21st Century Science Initiative Grant: Understanding Human Cognition
Until about the sixth month, human infants cannot grasp. Until the ninth month, they cannot crawl. Until the twelfth month, they cannot speak. Yet, by the end of their first year, infants have amassed an immense amount of information about the world. They categorize species of animals, discriminate facial emotion expressions, and follow caregivers’ instructions. By adolescence, humans have mastered reading, calculation, and decision making about peer interactions. This rapid change has led many to postulate that humans possess innate knowledge and/or specified modules for cognition. How else can such complexity emerge? The alternative theory, which guides my work, is that the human system, beginning in the postnatal period, is capable of extracting information from the environment for subsequent processing, learning, and storage. Development then proceeds hierarchically and continuously. Acquisition of new information is supported and constrained by what was previously learned. Complex cognitive and perceptual trajectories emerge from this interplay.

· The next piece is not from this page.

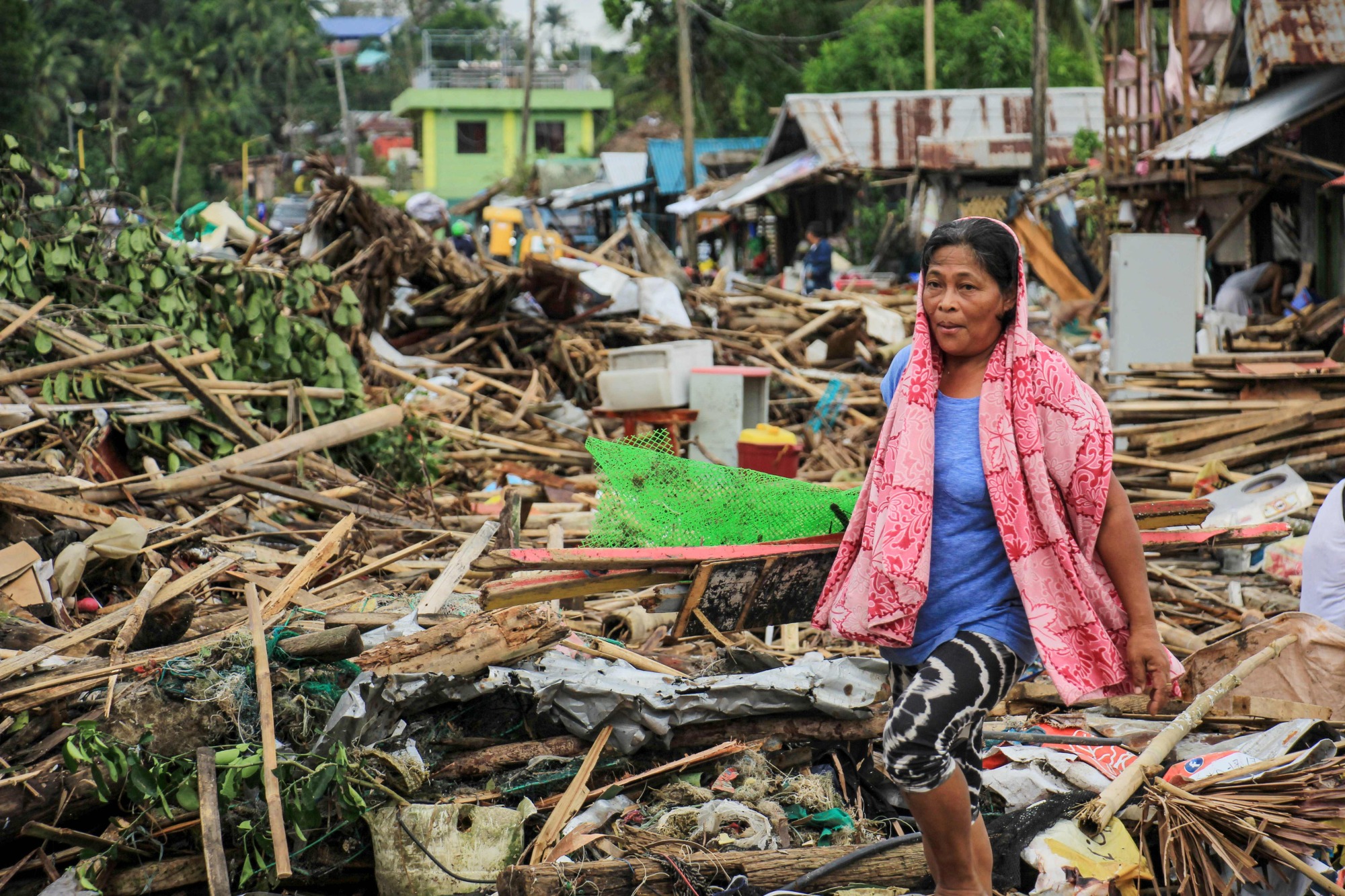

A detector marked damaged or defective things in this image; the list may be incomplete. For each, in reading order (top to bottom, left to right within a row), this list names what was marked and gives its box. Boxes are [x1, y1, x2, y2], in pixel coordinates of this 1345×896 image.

My laboratory examines information gathering skills that function early in ontogeny and the impact of their development on cognition and perception. Shifts of eye gaze provide even newborns a rich information about the world. Visual selective attention-guided eye movements are evident by the third month and develop into adolescence. We have identified a role for visual selective attention (VSA) development in efficient sampling from cluttered scenes, and found that this bootstraps object and face perception. This crucial link corroborates the notion that building block mechanisms, like VSA, contribute to development of elements vital to the human perceptual experience. Yet critical questions remain unanswered.
How does VSA interact with memory to support processes like generalization? Evidence points to a role for VSA in memory efficiency beginning in infancy and spanning development. We examine the mechanisms by which efficient sampling contributes to encoding of information, and to binding across a variety of similar experiences to guide and shape knowledge. What are the experiential variables that power the early emergence of VSA, and what happens if they are disrupted? I propose that cumulative development of the processing of visual features drives development of VSA. This hypothesis implies that disrupted vision, as in autism spectrum disorder (ASD), has the potential to result in atypical VSA. Indeed, individuals with ASD have enhanced attention to trivial visual details. Thus, understanding the experiential variables that catalyze VSA development has the potential to contribute to understanding a pivotal disruption in information gathering skills in ASD. The long-term goal is to develop an intervention strategy where changes in VSA are determined by training programs that alter sensitivity to visual input in infants at high risk for the disorder.